> _Short text fragments from websites_:

★ ★ ★

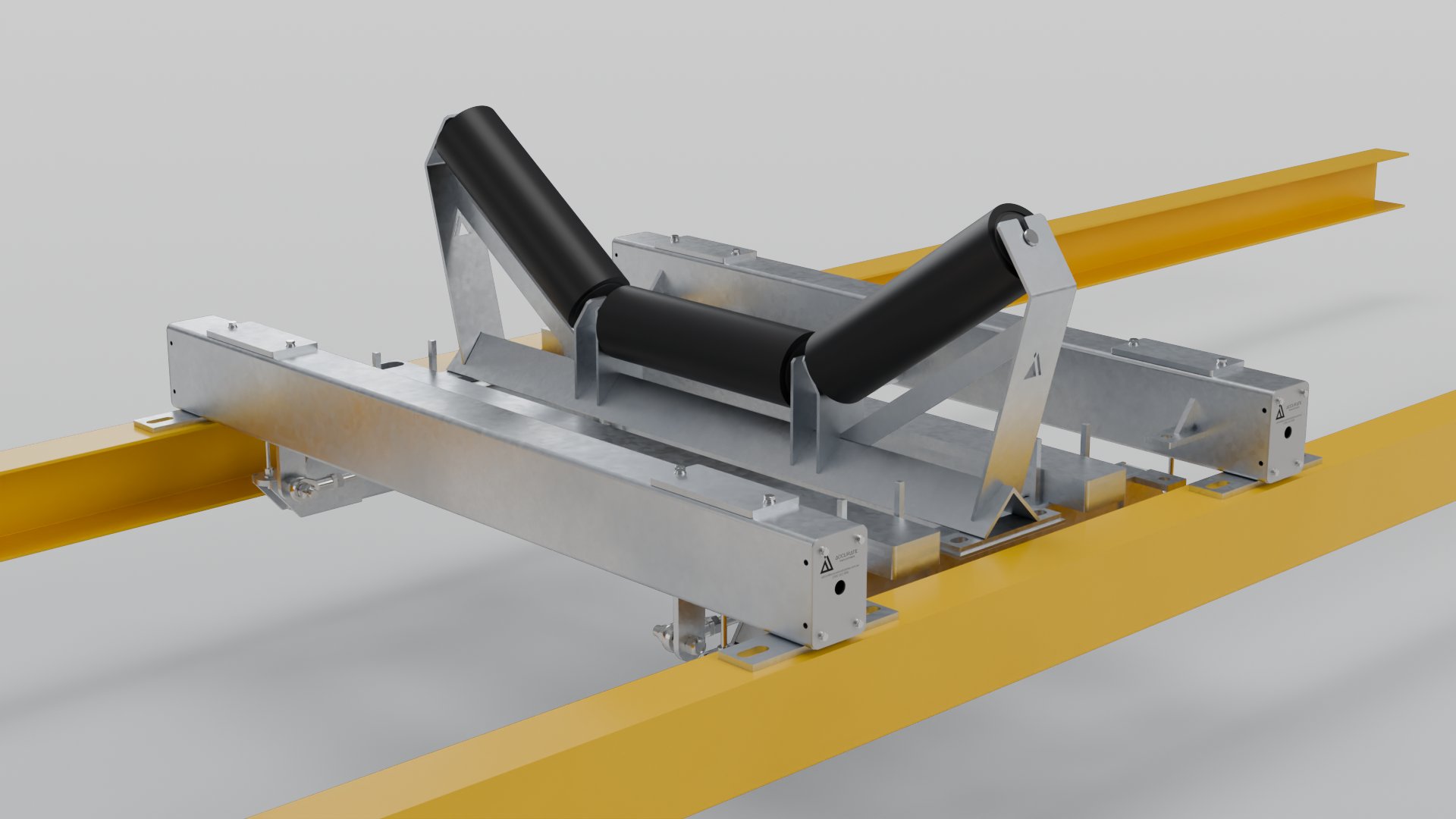 PBW4-1 weigh frame on conveyor stringers, close-up
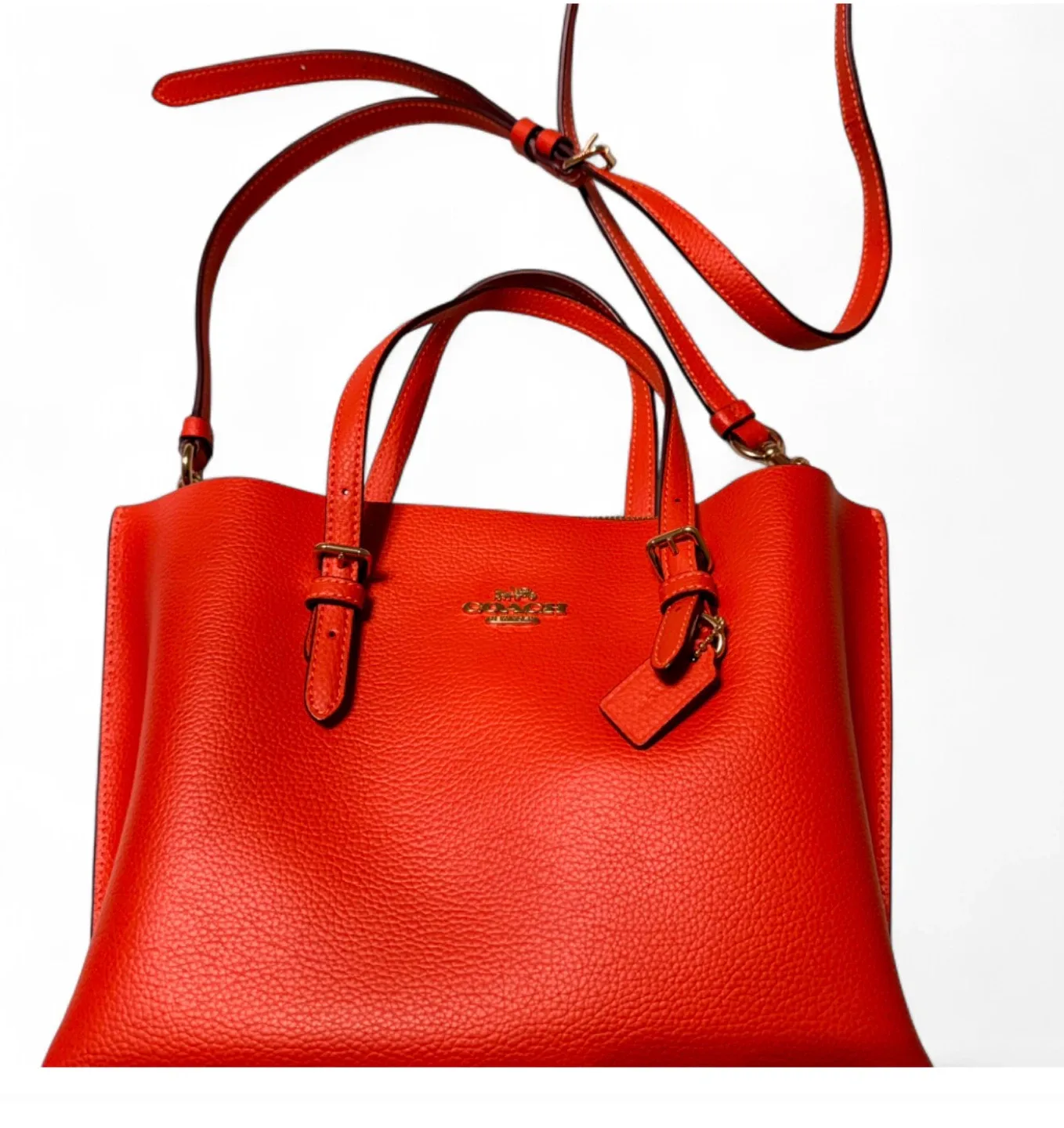 NWOT Coach Leather Mollie Tote - Mango/Orange image indicator(3)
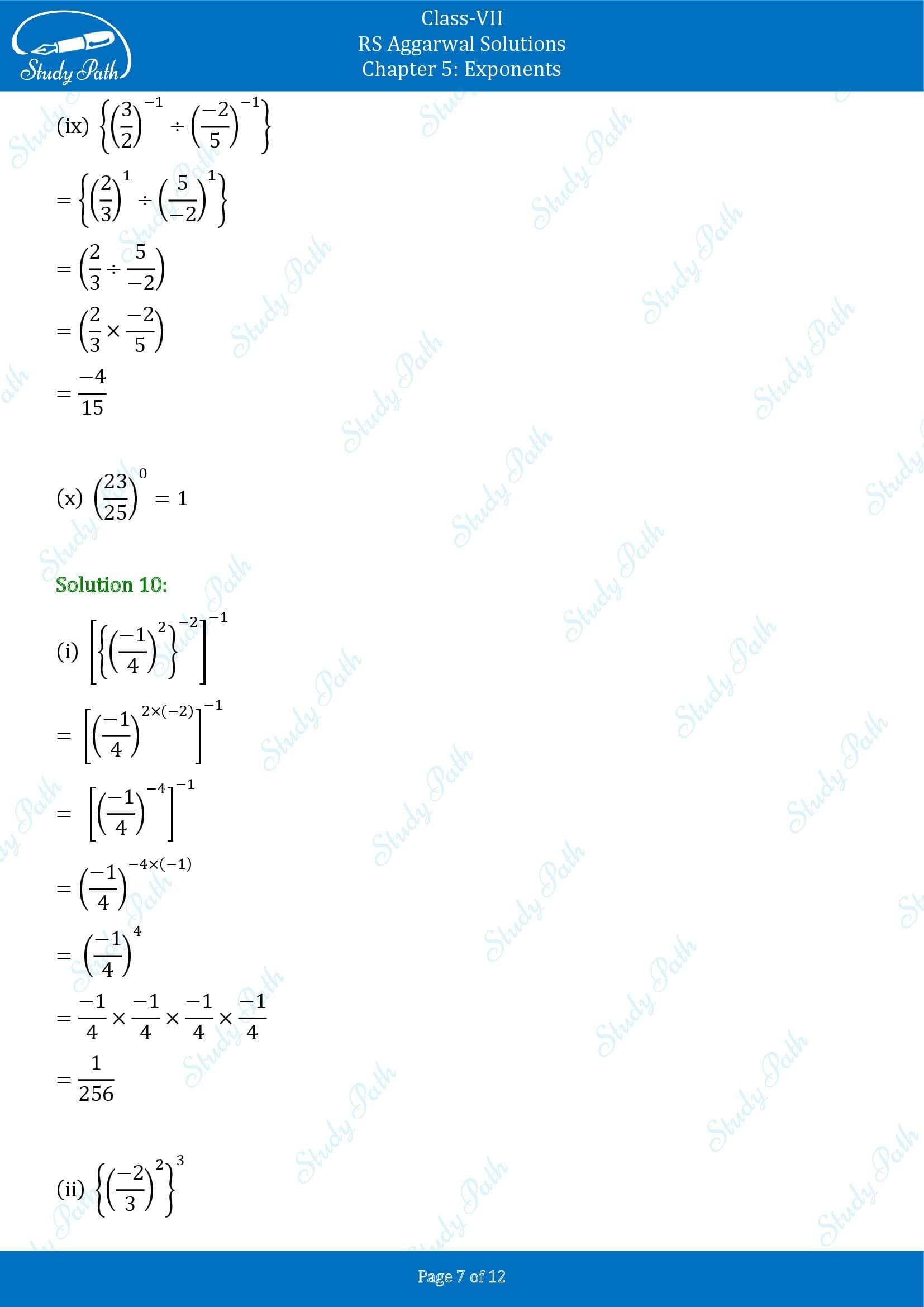 RS Aggarwal Solutions Class 7 Chapter 5 Exponents Exercise 5A 0007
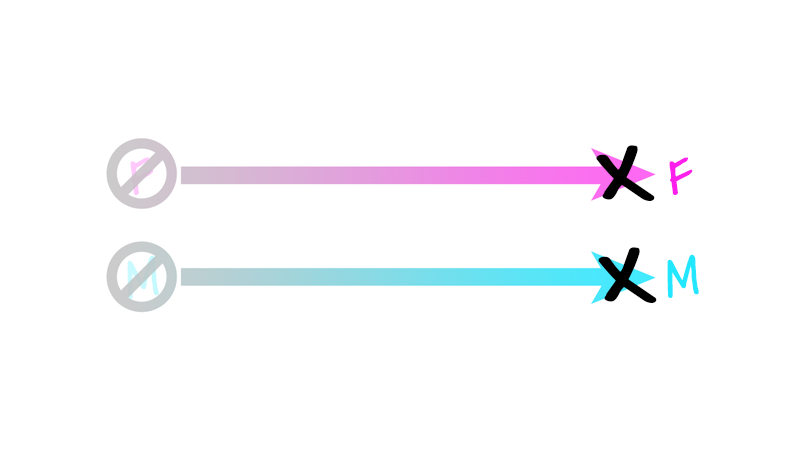 Two scales, or arrows going from "Not F" to "F" and "Not M" to "M", with X's plotted at the "100%" side of both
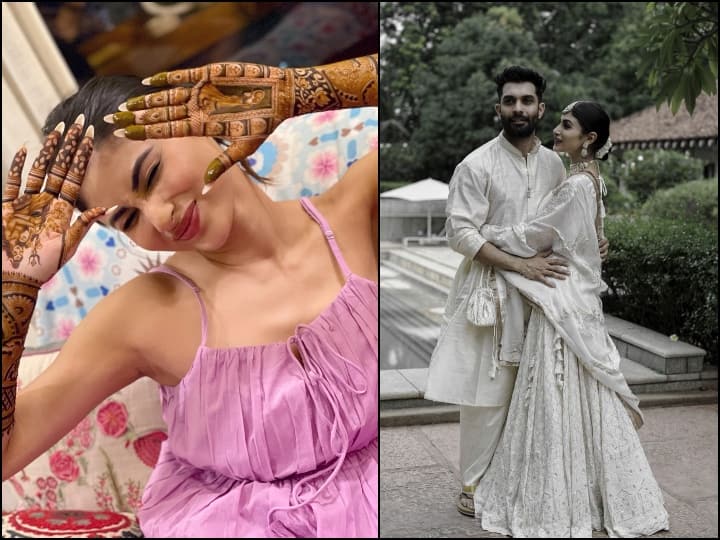 Mouni Roy First Karwa Chauth Celebration: एक्ट्रेस मौनी रॉय शादी के बाद अपना पहला करवा चौथ मना रही हैं. पति के नाम की मेहंदी फ्लॉन्ट करते हुए उनकी तस्वीरें सामने आई हैं.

★ ★ ★

> _Task item_: The copy must start at the line containing "Two scales, or" and end at the last line of the data, matching each line exactly. It must hold no pictures.

> _Response to the exercise_:
 Two scales, or arrows going from "Not F" to "F" and "Not M" to "M", with X's plotted at the "100%" side of both
 Mouni Roy First Karwa Chauth Celebration: एक्ट्रेस मौनी रॉय शादी के बाद अपना पहला करवा चौथ मना रही हैं. पति के नाम की मेहंदी फ्लॉन्ट करते हुए उनकी तस्वीरें सामने आई हैं.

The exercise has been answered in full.